* [What the task asks]:
The lines to return run from the one containing "Hay Que Ponernos Al Día - Capítulo 9.2 manhwa" through the end of the material; give them exactly and leave out the pictures.

* [Entries supplied]:
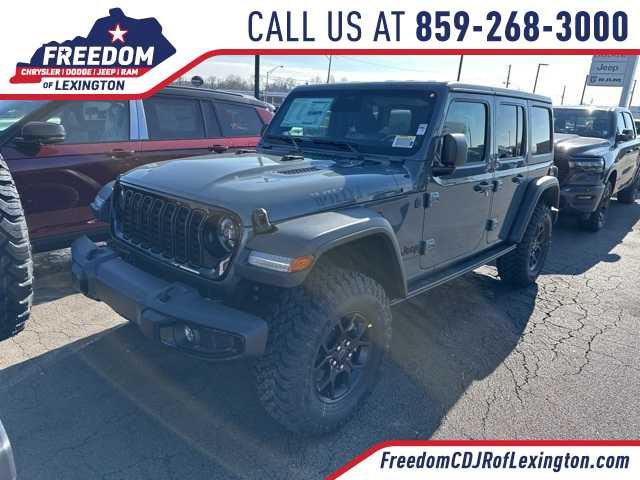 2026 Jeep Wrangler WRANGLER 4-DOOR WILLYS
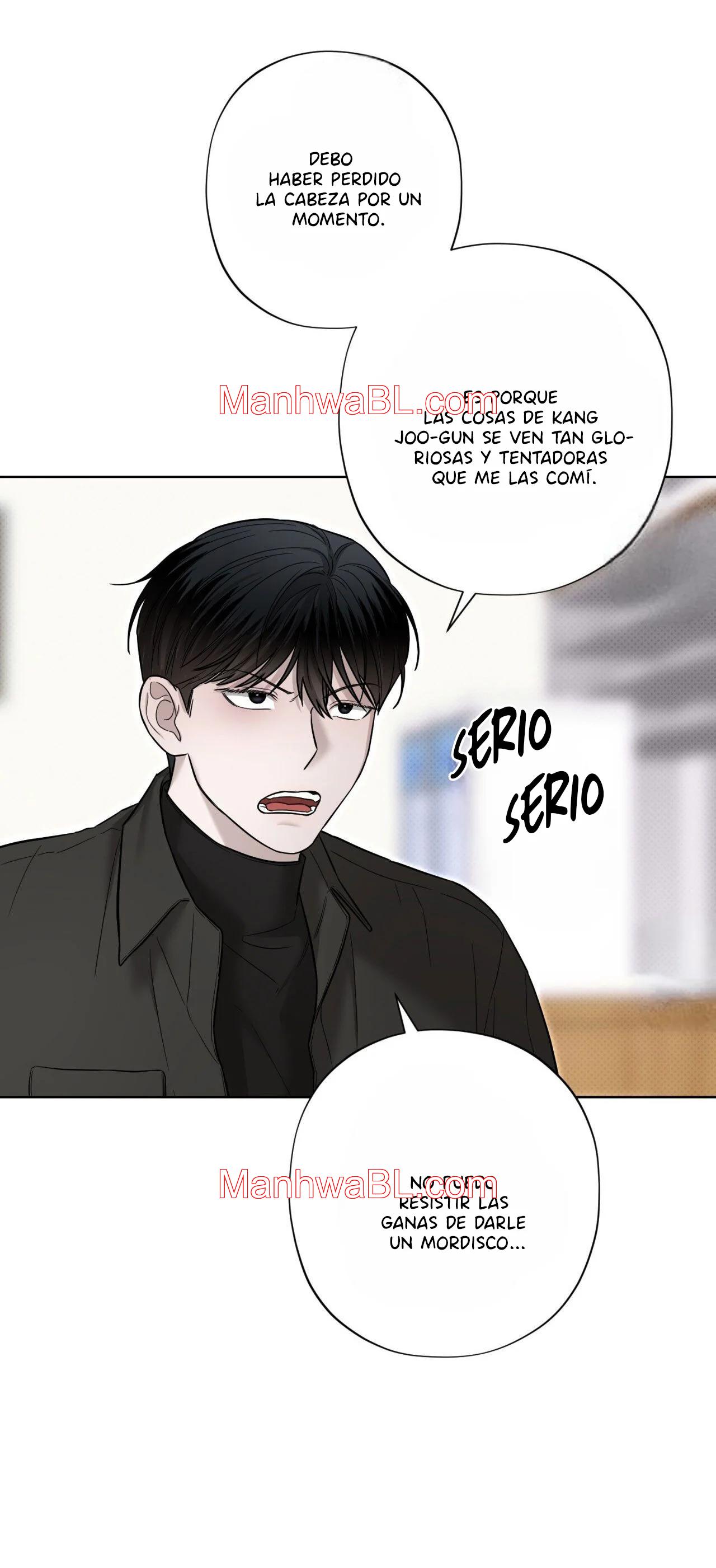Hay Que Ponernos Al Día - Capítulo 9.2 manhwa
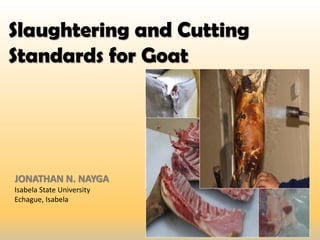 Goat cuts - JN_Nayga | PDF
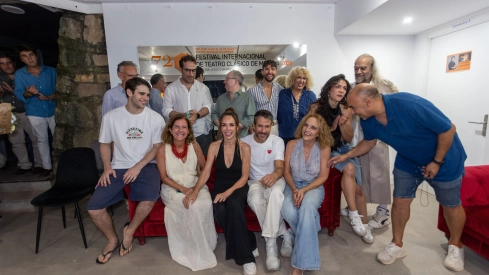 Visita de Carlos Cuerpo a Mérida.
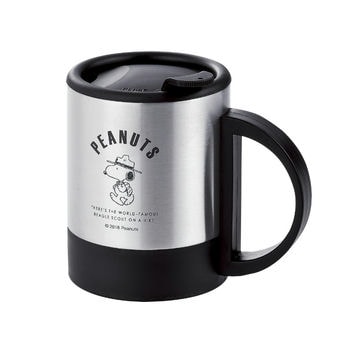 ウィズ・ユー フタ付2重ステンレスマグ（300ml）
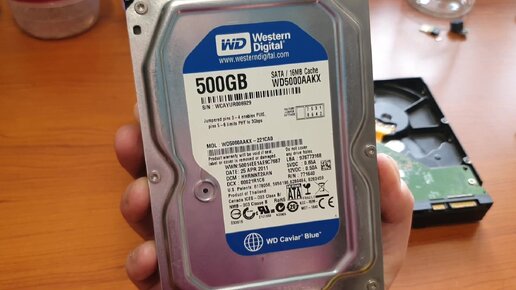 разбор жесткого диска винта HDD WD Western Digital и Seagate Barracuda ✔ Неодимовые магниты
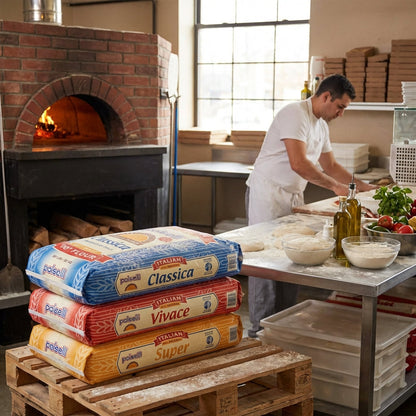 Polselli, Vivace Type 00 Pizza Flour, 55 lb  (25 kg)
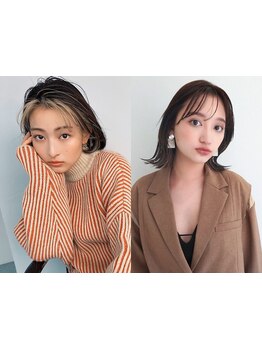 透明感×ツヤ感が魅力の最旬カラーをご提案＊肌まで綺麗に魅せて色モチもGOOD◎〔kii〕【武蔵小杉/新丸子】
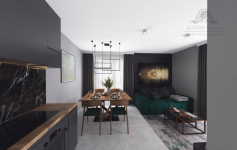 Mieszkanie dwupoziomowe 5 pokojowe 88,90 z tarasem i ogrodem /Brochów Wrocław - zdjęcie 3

* [Answer to this exercise]:
Hay Que Ponernos Al Día - Capítulo 9.2 manhwa
 Goat cuts - JN_Nayga | PDF
 Visita de Carlos Cuerpo a Mérida.
 ウィズ・ユー フタ付2重ステンレスマグ（300ml）
 разбор жесткого диска винта HDD WD Western Digital и Seagate Barracuda ✔ Неодимовые магниты
 Polselli, Vivace Type 00 Pizza Flour, 55 lb  (25 kg)
 透明感×ツヤ感が魅力の最旬カラーをご提案＊肌まで綺麗に魅せて色モチもGOOD◎〔kii〕【武蔵小杉/新丸子】
 Mieszkanie dwupoziomowe 5 pokojowe 88,90 z tarasem i ogrodem /Brochów Wrocław - zdjęcie 3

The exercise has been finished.